Machine Learning (ENG601)
This course introduces students to machine learning algorithms and their applications in real-world problems. Students learn about supervised and unsupervised learning techniques, including regression, classification, clustering, and neural networks. The course includes hands-on labs using Python and TensorFlow, enabling students to implement models from scratch and evaluate performance metrics.
Computer Vision (ENG602)
Computer vision is a field of artificial intelligence that enables machines to interpret and understand visual information. This elective explores image processing techniques, feature extraction methods, object detection, and recognition algorithms. Students engage in projects involving facial recognition systems, autonomous vehicles, and medical imaging applications.
Data Structures & Algorithms (ENG603)
Building upon foundational knowledge, this course delves into complex data structures such as graphs, trees, hash tables, and heaps. Students explore algorithm design techniques including dynamic programming, greedy methods, and backtracking. Practical implementation of these concepts through coding exercises enhances problem-solving abilities.
Embedded Systems (ENG604)
This course focuses on the design and development of embedded systems used in consumer electronics, automotive systems, and industrial automation. Topics include microcontroller architectures, real-time operating systems, device drivers, and hardware-software integration. Students work on projects involving IoT devices and smart sensors.
Cloud Computing (ENG605)
Cloud computing has revolutionized how businesses store and process data. This course covers cloud architecture models, virtualization technologies, and service delivery models such as IaaS, PaaS, and SaaS. Students gain hands-on experience with platforms like AWS and Azure, learning to deploy scalable applications in cloud environments.

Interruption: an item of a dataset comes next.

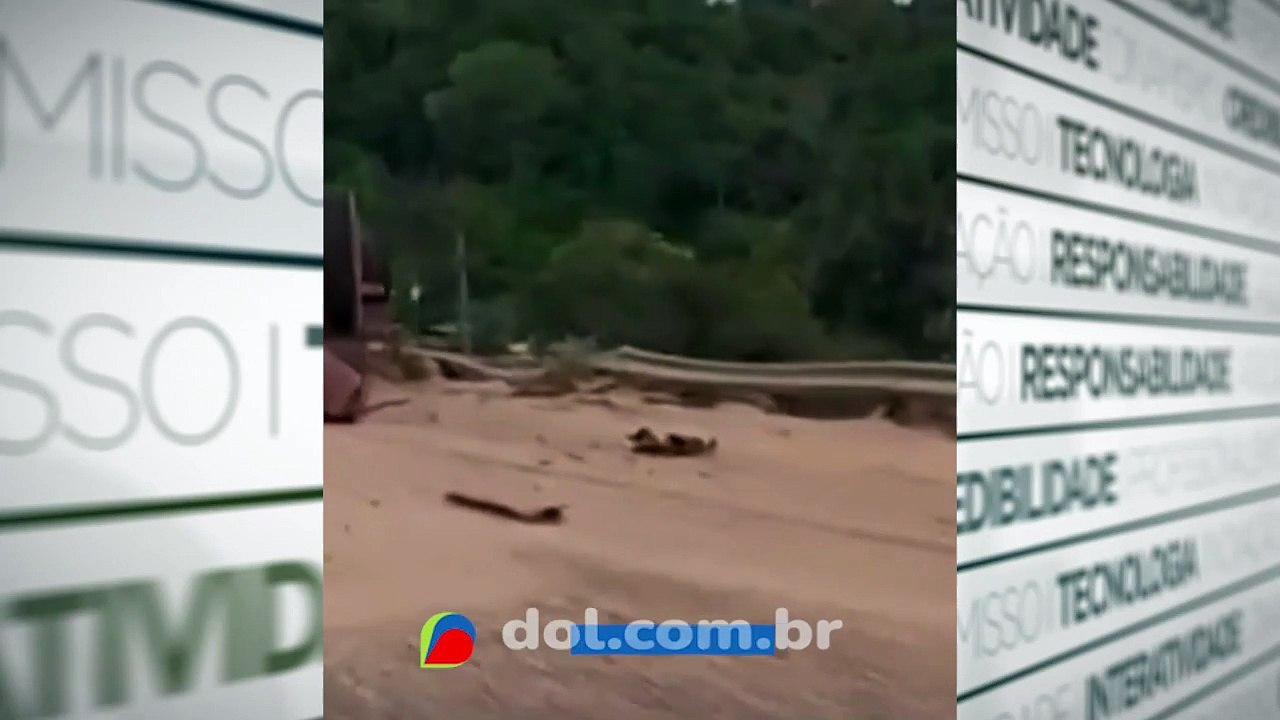 Criança de três anos morre em um acidente registrado no município de Dom Eliseu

Distributed Systems (ENG606)
Distributed systems are composed of multiple interconnected computers that communicate and coordinate actions without centralized control. This course explores concepts such as distributed consensus protocols, fault tolerance, load balancing, and network security. Students design and implement distributed applications using frameworks like Apache Kafka and Hadoop.
Project-Based Learning Philosophy
Our department believes in the power of experiential learning to foster deep understanding and practical skills. Project-based learning is integrated throughout the curriculum, starting from early semesters with small-scale assignments and culminating in comprehensive capstone projects during the final year.

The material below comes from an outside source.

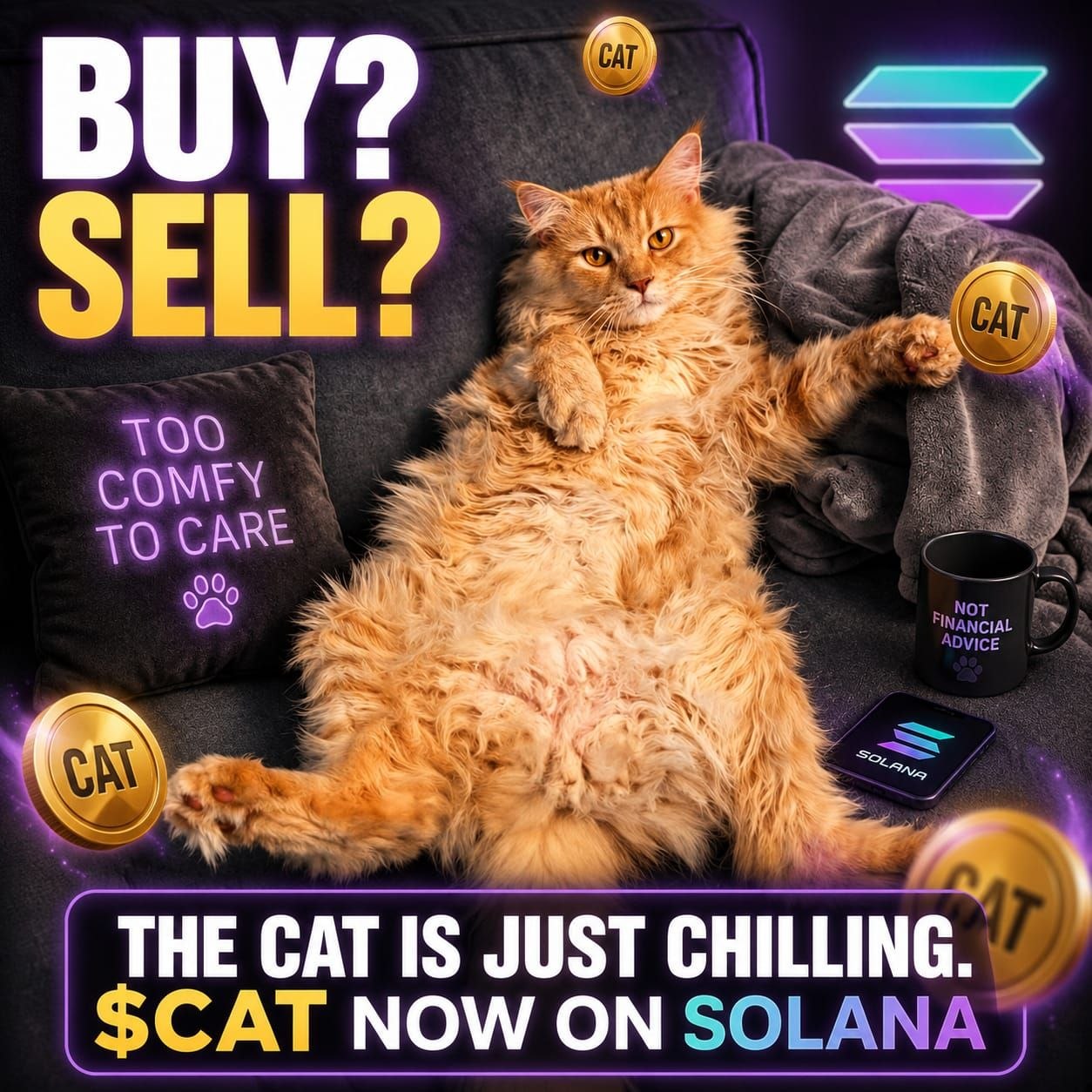 The cat is just chilling — $CAT now on Solana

Mini-projects are assigned at regular intervals throughout each semester, allowing students to apply theoretical concepts in real-world scenarios. These projects encourage collaboration, critical thinking, and creativity while providing feedback from both peers and instructors.
The final-year thesis or capstone project is a major component of the program. Students select a research topic aligned with their specialization, identify a faculty mentor, and conduct independent research over the course of two semesters. The project culminates in a formal presentation and report submission, showcasing innovation and technical proficiency.
Faculty members guide students through the entire process, from defining research questions to analyzing results and presenting findings. Regular meetings ensure progress tracking and support for challenges encountered during research. The final evaluation includes oral defense, written documentation, and peer review components.